• EXERCISE DESCRIPTION
Look through the data below and extract, unchanged, the lines from the one that contains "МЗП Hoco N71" to the one that contains "4th of July Cake", both included.

<<<<

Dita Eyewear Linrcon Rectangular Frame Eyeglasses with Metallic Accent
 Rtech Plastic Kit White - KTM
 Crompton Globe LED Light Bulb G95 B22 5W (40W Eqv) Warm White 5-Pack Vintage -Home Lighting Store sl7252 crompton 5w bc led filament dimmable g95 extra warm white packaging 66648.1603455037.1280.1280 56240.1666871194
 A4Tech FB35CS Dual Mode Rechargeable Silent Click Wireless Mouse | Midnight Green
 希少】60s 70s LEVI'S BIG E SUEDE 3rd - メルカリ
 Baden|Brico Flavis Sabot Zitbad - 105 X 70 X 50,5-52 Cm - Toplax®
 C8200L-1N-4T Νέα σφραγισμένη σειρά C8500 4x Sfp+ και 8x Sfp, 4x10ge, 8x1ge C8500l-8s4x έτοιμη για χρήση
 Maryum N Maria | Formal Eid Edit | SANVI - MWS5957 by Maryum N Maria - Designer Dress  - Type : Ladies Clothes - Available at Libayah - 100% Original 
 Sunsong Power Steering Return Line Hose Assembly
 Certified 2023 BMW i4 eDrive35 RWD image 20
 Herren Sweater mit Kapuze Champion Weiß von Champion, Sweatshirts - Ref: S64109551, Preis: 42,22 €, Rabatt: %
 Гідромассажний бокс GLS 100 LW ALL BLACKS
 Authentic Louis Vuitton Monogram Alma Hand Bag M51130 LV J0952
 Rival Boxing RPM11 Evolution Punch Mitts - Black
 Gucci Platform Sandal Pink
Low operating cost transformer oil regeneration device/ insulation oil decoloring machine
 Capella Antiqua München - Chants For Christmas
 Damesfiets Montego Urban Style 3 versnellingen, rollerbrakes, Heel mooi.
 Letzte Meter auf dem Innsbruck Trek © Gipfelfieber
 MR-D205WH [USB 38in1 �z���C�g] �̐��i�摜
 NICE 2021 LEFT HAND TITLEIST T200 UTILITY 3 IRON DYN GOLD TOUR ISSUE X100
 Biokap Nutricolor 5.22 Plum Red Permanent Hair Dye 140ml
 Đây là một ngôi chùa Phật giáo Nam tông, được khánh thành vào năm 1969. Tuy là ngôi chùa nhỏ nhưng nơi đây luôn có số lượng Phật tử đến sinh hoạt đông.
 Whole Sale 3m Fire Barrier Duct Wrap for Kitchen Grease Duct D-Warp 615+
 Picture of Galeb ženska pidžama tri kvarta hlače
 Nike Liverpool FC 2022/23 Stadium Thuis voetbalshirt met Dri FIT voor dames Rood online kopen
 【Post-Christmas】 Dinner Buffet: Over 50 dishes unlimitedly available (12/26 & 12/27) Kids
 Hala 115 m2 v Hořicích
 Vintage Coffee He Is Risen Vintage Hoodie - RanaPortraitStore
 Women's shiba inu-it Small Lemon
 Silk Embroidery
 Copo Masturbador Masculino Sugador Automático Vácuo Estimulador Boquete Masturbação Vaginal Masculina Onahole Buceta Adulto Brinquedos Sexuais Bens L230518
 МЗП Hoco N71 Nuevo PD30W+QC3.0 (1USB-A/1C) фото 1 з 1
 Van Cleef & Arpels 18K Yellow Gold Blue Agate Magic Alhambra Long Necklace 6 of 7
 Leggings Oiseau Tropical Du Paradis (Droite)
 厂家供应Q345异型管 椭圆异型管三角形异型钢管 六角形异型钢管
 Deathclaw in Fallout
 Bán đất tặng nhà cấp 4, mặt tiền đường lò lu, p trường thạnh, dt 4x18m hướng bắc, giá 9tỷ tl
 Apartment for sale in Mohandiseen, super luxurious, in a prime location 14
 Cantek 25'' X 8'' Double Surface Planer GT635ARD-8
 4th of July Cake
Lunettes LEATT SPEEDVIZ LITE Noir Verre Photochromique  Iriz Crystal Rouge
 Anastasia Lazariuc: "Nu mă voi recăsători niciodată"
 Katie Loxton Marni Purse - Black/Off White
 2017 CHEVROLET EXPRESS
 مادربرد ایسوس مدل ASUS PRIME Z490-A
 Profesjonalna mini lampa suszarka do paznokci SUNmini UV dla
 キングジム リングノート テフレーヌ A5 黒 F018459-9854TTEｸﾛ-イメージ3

>>>>

• SOLVED EXERCISE
 МЗП Hoco N71 Nuevo PD30W+QC3.0 (1USB-A/1C) фото 1 з 1
 Van Cleef & Arpels 18K Yellow Gold Blue Agate Magic Alhambra Long Necklace 6 of 7
 Leggings Oiseau Tropical Du Paradis (Droite)
 厂家供应Q345异型管 椭圆异型管三角形异型钢管 六角形异型钢管
 Deathclaw in Fallout
 Bán đất tặng nhà cấp 4, mặt tiền đường lò lu, p trường thạnh, dt 4x18m hướng bắc, giá 9tỷ tl
 Apartment for sale in Mohandiseen, super luxurious, in a prime location 14
 Cantek 25'' X 8'' Double Surface Planer GT635ARD-8
 4th of July Cake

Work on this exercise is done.